Cantor (R-Va.), who served as majority leader until his stunning defeat in a primary election last year, says conservatives blamed GOP leaders for failing to “enact into law a conservative vision for government, without compromise," instead of President Obama.

“As a result we missed chances to achieve important policies for the good of the country.” 

Boehner stunned Washington on Friday by announcing that he’ll resign from Congress in October. But for his 2014 primary loss, Cantor likely would have been a top contender to succeed Boehner for the speakership.

Furious Boehner allies blame the caucus’ more conservative members for essentially forcing him out after years of putting their agenda above the party’s more realistic goals. 

Cantor says he agrees with conservative Republicans that the party should fight, but argues they should “fight smartly.”

“I have never heard of a football team that won by throwing only Hail Mary passes, yet that is what is being demanded of Republican leaders today.

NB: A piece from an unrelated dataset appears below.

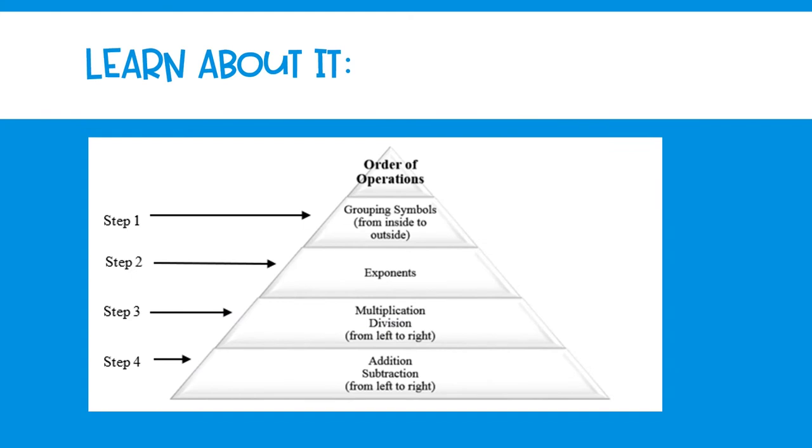Step one of the order of operations is to identify any grouping symbols within the numerical expression. You're going to be looking for parentheses, brackets, or braces. Grouping symbols may be nested inside of each other, and when they are nested, you just have to simplify from the innermost set to the outermost set.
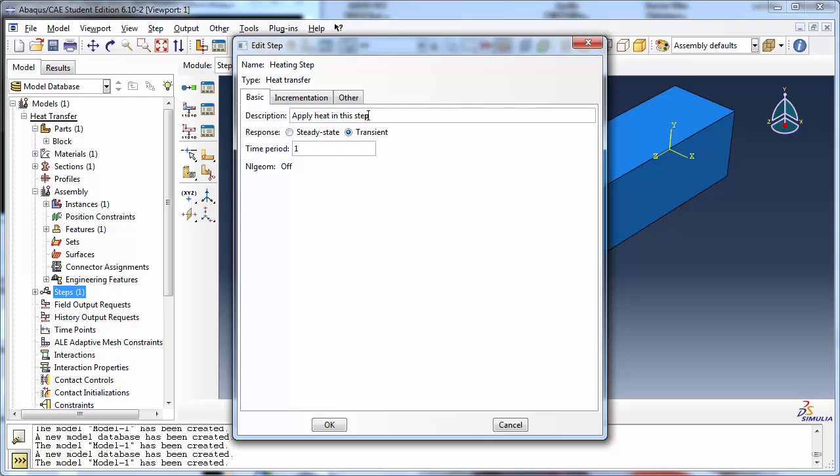In the Basic tab, we see two options for response, Steady State and Transient. Transient is selected by default, but we wish to perform a Steady State analysis, hence choose Steady State.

Victory on the field is more often a result of three yards and a cloud of dust,” he writes.

“In politics this means incremental progress, winning hearts and minds before winning the vote — the kind of governance Ronald Reagan perfected.”

Instead of infighting over strategy, Cantor is calling for the party to come together ahead of the 2016 presidential race and “lay out a positive, honest governing platform to take the country forward.”

“This is what my friend John Boehner fought for, and this is what we must continue to fight for to honor his dedication to Congress and the American people,” he says.